Dr Otto Wertheimer, Paris
Robert von Hirsch, Basel (sold: Sotheby's, London, The Robert von Hirsch Collection, 27th June 1978, lot 835)
The British Rail Pension Fund (sold: Sotheby’s, London, The Property of the British Rail Pension Fund, 4th April 1989, lot 18)
Purchased at the above sale by the present owner
Zurich, Kunsthaus, Paul Cézanne, 1956, no. 141 (titled Badende Frauen and as dating from 1900-06)
Tübingen, Kunsthalle & Zurich, Kunsthaus, Paul Cézanne Aquarelle 1866-1906, 1982, no. 118, illustrated in colour in the catalogue (titled Baigneuses)

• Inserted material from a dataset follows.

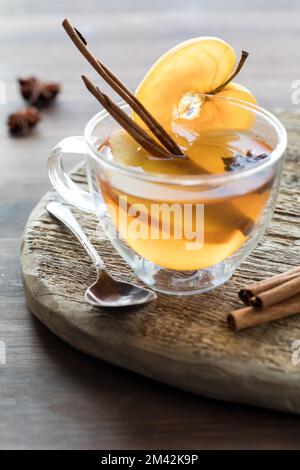 Cidre de pomme chaud fait maison dans une tasse en verre transparent, avec lumière venant de l'arrière. Banque D'Images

Hamilton, The Picker Art Gallery, Colgate University; Austin, Archer M. Huntington Art Gallery, The University of Texas & Palm Beach, The Society of the Four Arts, Impressionist and Post-Impressionist Works from a British Collection, 1986-87, no. 6, illustrated in the catalogue
Norwich, Castle Museum, Impressionist and Post-Impressionist Works from a British Collection, 1987, no. 15 (titled Baigneuses)

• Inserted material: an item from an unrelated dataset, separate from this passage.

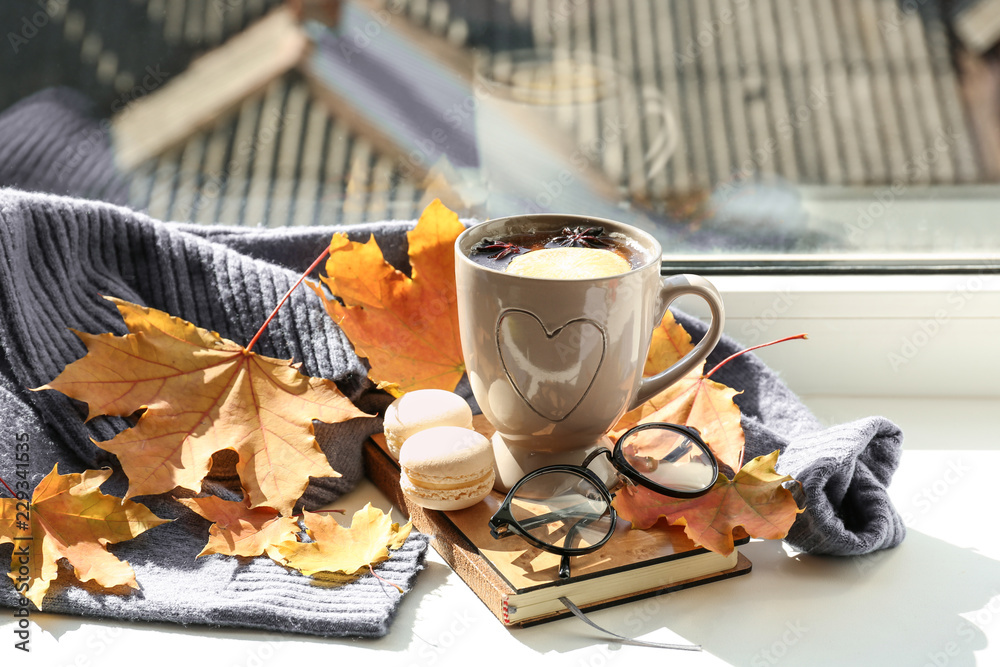 一杯芳香的茶，书，温暖的毛衣和窗台上的秋叶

Basel, Museum of Fine Arts, Paul Cézanne: The Bathers, 1989, no. 92, illustrated in colour in the catalogue (titled Baigneuses devant une montagne)
Lionello Venturi, 'Sur les dernières années de Cézanne’, in Minotaure, no. 9, Paris, 1936, illustrated fig. 12
Jean Cassou, Cézanne: Les Baigneuses, Paris, 1947, illustrated in colour
Francis Jourdain, Cézanne, Paris, 1950, illustrated in colour (titled Baigneuses and as dating from 1900-06)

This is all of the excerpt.